Legal treatment is equally important. Segregated custody can reduce one class of venue risk, while bankruptcy, control, and enforceability questions remain across a multi-party stack.
A fund using the structure still needs confidence about who can move collateral, under what conditions, and what happens if the exchange, custodian, distributor, or another intermediary fails.
Eligibility will also shape adoption. DigiFT’s materials state that the product and services are available only through authorized and regulated intermediaries to eligible investors.
That points to a professional and institutional lane before any use of retail margin. If the model expands, it will likely do so first through qualified clients, approved custodians, and venue-specific collateral rules.
The Calais deployment is best read as a first-client implementation with meaningful implications. It shows a concrete path from token issuance to trading utility: a UBS money-market token distributed through DigiFT can sit in ByCustody and still count as collateral on Bybit.

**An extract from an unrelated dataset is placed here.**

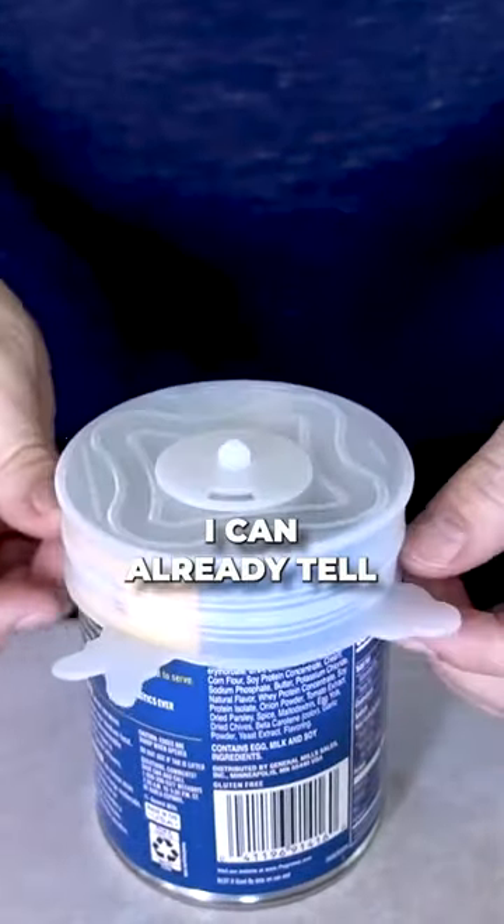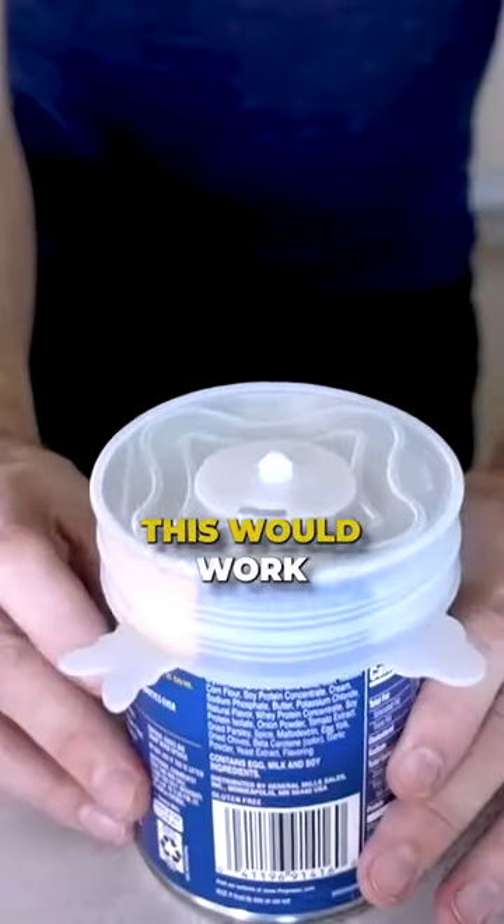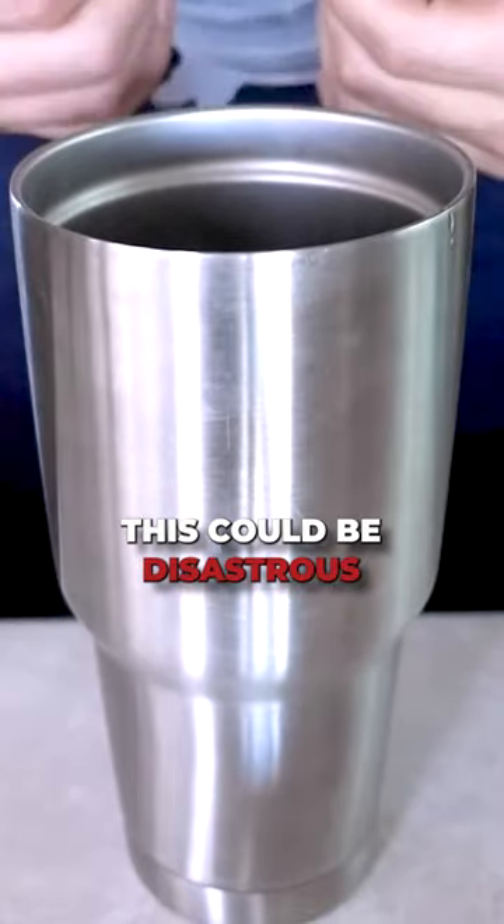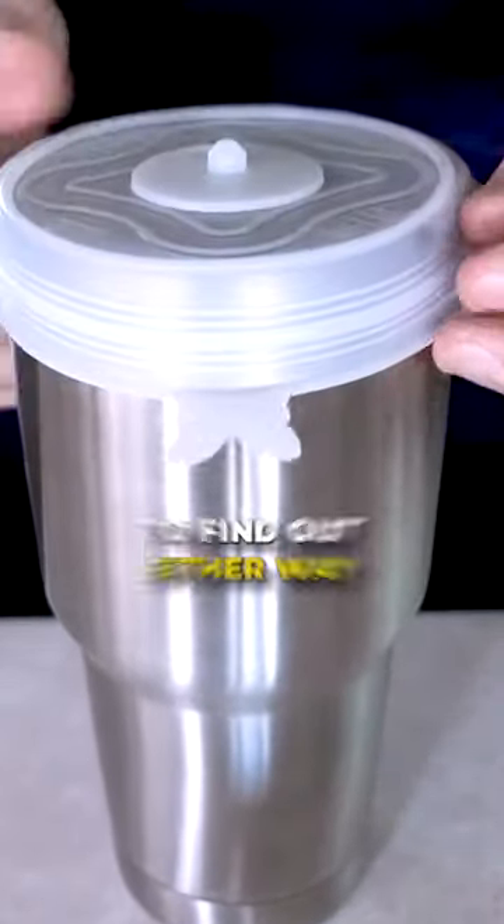Well, this is... I can already tell this is kind of loose. This would work, but it's not going to be airtight. Water in there. This could be disastrous, but it'll be fun to find out either way.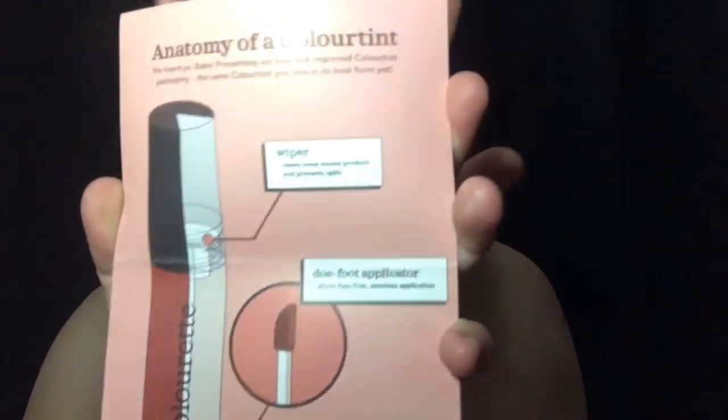Let's talk about the anatomy of the color tint. It has stainless steel balls inside and a doe foot applicator — unlike the old nail polish-style applicator, this is much better. It also has a wiper so we don't have to worry about applying too much product on our lips or cheeks.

The deployment reaches a pain point institutions understand. Idle margin is expensive. Yield-bearing collateral is attractive.
But the model only becomes durable if the operational controls can survive the moments when collateral is most important: market volatility, forced deleveraging, liquidity stress, and counterparty failure.
The next signal is whether more funds, more eligible assets, and more venues adopt similar terms with transparent haircut, redemption, custody, and liquidation rules.
Until then, the Calais trade marks a live proof point for tokenized money-market collateral, and a reminder that the real test for RWAs is whether they can do useful work once they get on-chain.